Lalu pasal 1 ayat 4 dan 5 undang-undang ini menjadi bias dan diskriminatif dalam tataran aplikatif, karena ada perbedaan hukum antara perbuatan aktifis muslim dan aparat/Densus 88 untuk satu perbuatan yang sama. Dengan kata lain, jika tindak kekerasan itu dilakukan oleh aktifis muslim maka dia dibranding sebagai teroris namun jika kekerasan itu dilakukan aparat/Densus 88 dipuji dan dibela sebagai penegakan hukum.
Pelaksanaan pasal 28 UU Tindak Pidana Terorisme menjadi kisah trauma psikologis dan fisik yang mendalam bagi tersangka terorisme sekaligus sebagai bukti kekerasan atas nama dan dilindungi undang-undang. Begitu pula pembunuhan sepihak pada Ibrahim, Dul Matin, para pelaku perampokan bank CINB, pelatihan Aceh adalah daftar panjang legalitas teror oleh aparat. Maka tak salah jika brandding teroris hanya diberikan kepada mereka yang dianggap menentang penguasa.
PENANGGULANGAN TERORISME ATAU PROYEK TERORISME
Semenjak 'peletakan batu pertama' proyek WOT (war of Terorisme) masing masing negara peserta berlomba segara merancang, membuat dan merivisi undang anti terorisme termasuk indonesia, dan indonesia yang paling rajin dalam membuat undang undang lihat saja sejak bom Bali pertama tahun 2002 muculnya: Perpu no I tahun 2002 tentang pemberantasan tindak pidana terorisme,UNDANG-UNDANG REPUBLIK INDONESIA NOMOR 15 TAHUN 2003 TENTANG PENETAPAN PERPU 1/2002 TENTANG PEMBERANTASAN TINDAK PIDANA TERORISME, MENJADI UNDANG-UNDANG, Peraturan Presiden no 46 tahun 2010 tentang Badan Nasional Penanggulangan Terorisme, sedang disiapkan juga RUU Intelijen, RUU Pencegahan dan Pemberantasan Tindak Pidana Pendanaan Terorisme dan wacana revisi UU Terorisme.
Pertanyaannya, apa kolerasi memperbanyak UU dengan penanggulangan terorisme?
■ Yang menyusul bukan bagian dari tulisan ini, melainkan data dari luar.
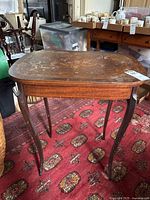 Front view of the vintage wooden end table showing the curved legs and inlaid design on top surface with signs of wear and damage.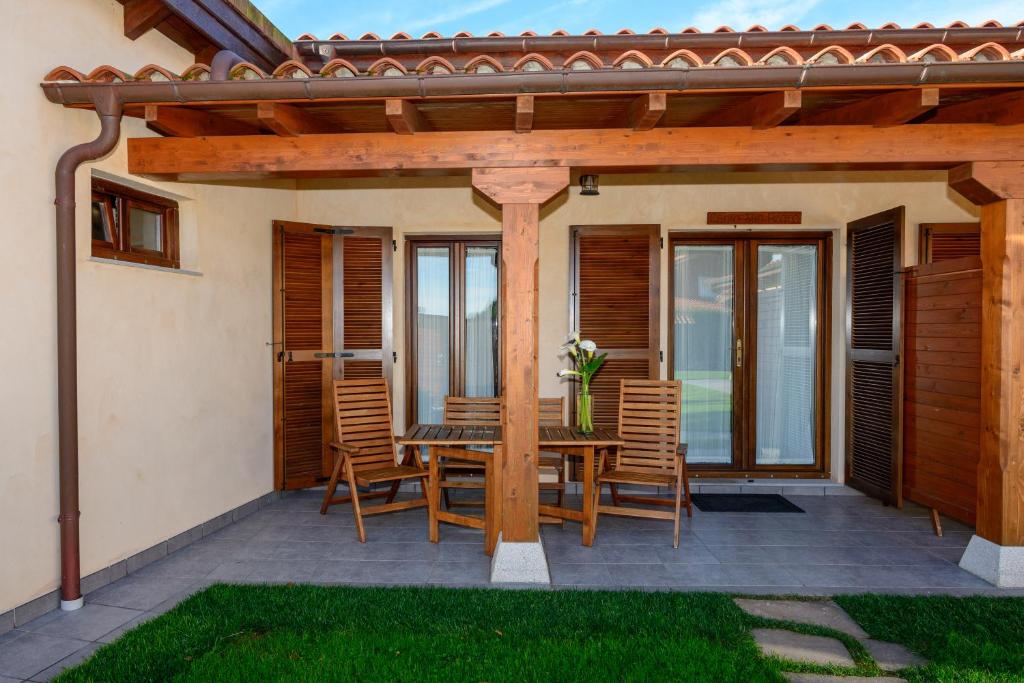 a patio with a wooden pergola with a table and chairs at Casona de Llanorrozo Apartamentos Rurales in Oviñana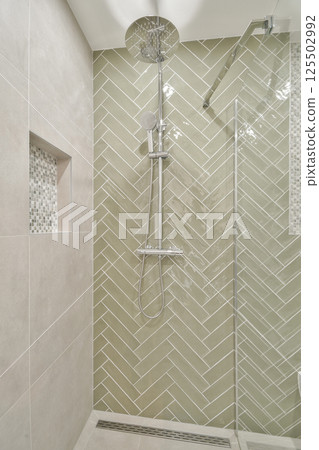 Sleek and contemporary shower featured in a modern bathroom, showcasing elegant tile work and high-quality fixtures. Ideal for design inspiration. Sleek and contemporary shower featured in a modern bathroom, showcasing elegant tile work and high-quality fixtures. Ideal for design inspiration. 125502992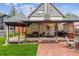 Backyard featuring a red brick patio, gazebo, and a built-in grill at 912 S Washington St, Denver, CO 80209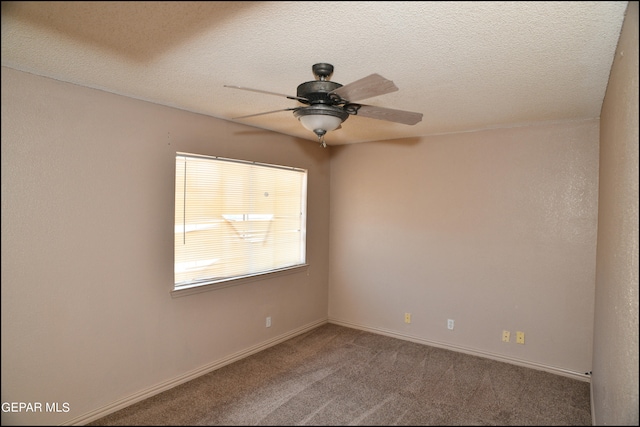 carpeted spare room featuring a textured ceiling and ceiling fan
Ini penanggulangan terorisme atau tender undang undang? Sebagai contoh, bom buku kemarin muncul banyak spekulasi bahwa pelakunya adalah para pemain lama.
Mantan Waka BIN As’ad Ali menuduh pelakuknya adalah pengikut Ustadz Abu Bakar Ba'asyir. "Rentetan kejadian bom ini jelas rangkaian jaringan terorisme. Kebetulan momennya Abu Bakar Ba'asyir sedang menjalani persidangan. Saya menduga pelakunya juga pendukung dan simpatisan Abu Bakar Ba'asyir," katanya dalam sebuah diskusi di Jakarta (19/3/2011). Sedangkan Farihin menuding kelompok Ustadz Aman Abdurrahman sebagai pelakunya (detik.com, 20/3/2011)
Lalu Mabes Polri mensinyalir jaringan JI sebagai pelakunya. Kepala Bagian Penerangan Umum Mabes Polri Kombespol Boy Rafli Amar menjelaskan, dugaan ke arah JI memang belum seratus persen. "Dugaan ke sana (JI, Red) memang ada. Bahkan sangat kami seriusi," ujarnya di di Jakarta (24/3/2011).
Meskipun sudah banyak spekulasi beredar, tapi hingga sekarang polisi belum menyimpulkan jika beberapa daftar nama eks anggota JI terlibat. (JPNN.com, 25/3/2011).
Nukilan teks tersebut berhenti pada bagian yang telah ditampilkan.